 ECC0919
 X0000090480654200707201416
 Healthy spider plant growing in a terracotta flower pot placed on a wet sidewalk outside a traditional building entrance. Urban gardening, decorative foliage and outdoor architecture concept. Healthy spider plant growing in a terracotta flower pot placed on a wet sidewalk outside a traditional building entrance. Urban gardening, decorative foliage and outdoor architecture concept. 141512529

·····

Task item
In this exercise, reproduce each line above exactly.

Response to this exercise
 ECC0919
 X0000090480654200707201416
 Healthy spider plant growing in a terracotta flower pot placed on a wet sidewalk outside a traditional building entrance. Urban gardening, decorative foliage and outdoor architecture concept. Healthy spider plant growing in a terracotta flower pot placed on a wet sidewalk outside a traditional building entrance. Urban gardening, decorative foliage and outdoor architecture concept. 141512529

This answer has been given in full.